VXLAN termination on non-system IPv4 addresses and VXLAN IPv6 underlay.
Application-specific uses of PXC ports and FPEs are described in the respective user guides (7450 ESS, 7750 SR, and VSR Triple Play Service Delivery Architecture Guide, 7450 ESS, 7750 SR, 7950 XRS, and VSR Layer 3 Services Guide: IES and VPRN, and 7450 ESS, 7750 SR, 7950 XRS, and VSR Layer 2 Services and EVPN Guide: VLL, VPLS, PBB, and EVPN).
The FPE configuration provides information to the SR OS node necessary to associate the application with the PXC (paired PXC sub-ports or PXC based LAG ids). Consequently, the SR OS node sets up the internal logic utilizing PXC as required by the application.
An example of FPE provisioning is given in Figure 1.
The first three steps are applicable to PXC port provisioning.
Association between the application and the PXC is performed in steps 4 and 5. In this particular example, two applications can be configured: PW-port or VXLAN-termination (non-system IPv4 termination or IPv6 underlay). These applications require internal configuration of SDPs and their IDs are allocated from the user configurable range. To prevent conflict between the user provisioned SDP IDs and internally configured SDP ID in FPE case, a range of SDP IDs that are used by FPE is reserved by the sdp-id-range commands under the config>fwd-path-ext CLI hierarchy.

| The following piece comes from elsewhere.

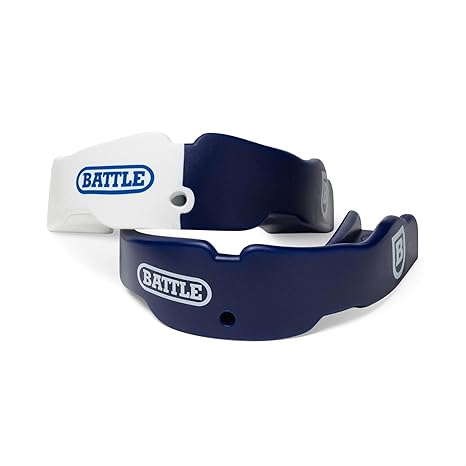 Battle Sports 2-Pack Mouthguard - Maximum Protection and Breathability, Strapless Braces-Friendly - Adult & Youth - Pack of 2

Application-specific configuration is performed in step 6, partially by the operator and partially by the system. This is described in the application- specific user guides.
After the PXC sub-port or LAG is associated with an FPE object, the manual creation (by the operator) of IP interfaces and SAPs under such PXC sub-ports/LAGs is not permitted. Only the internal SR OS system is allowed to reference these PXC sub-ports/LAGs in internal IP interfaces and SAPs, as required by each application.
However, the PXC sub-ports and LAG parameters (QoS, lag-profiles, and so on) can be modified by the operator.
PXC sub-ports or LAGs can be removed from the FPE object only if they are not associated with an application.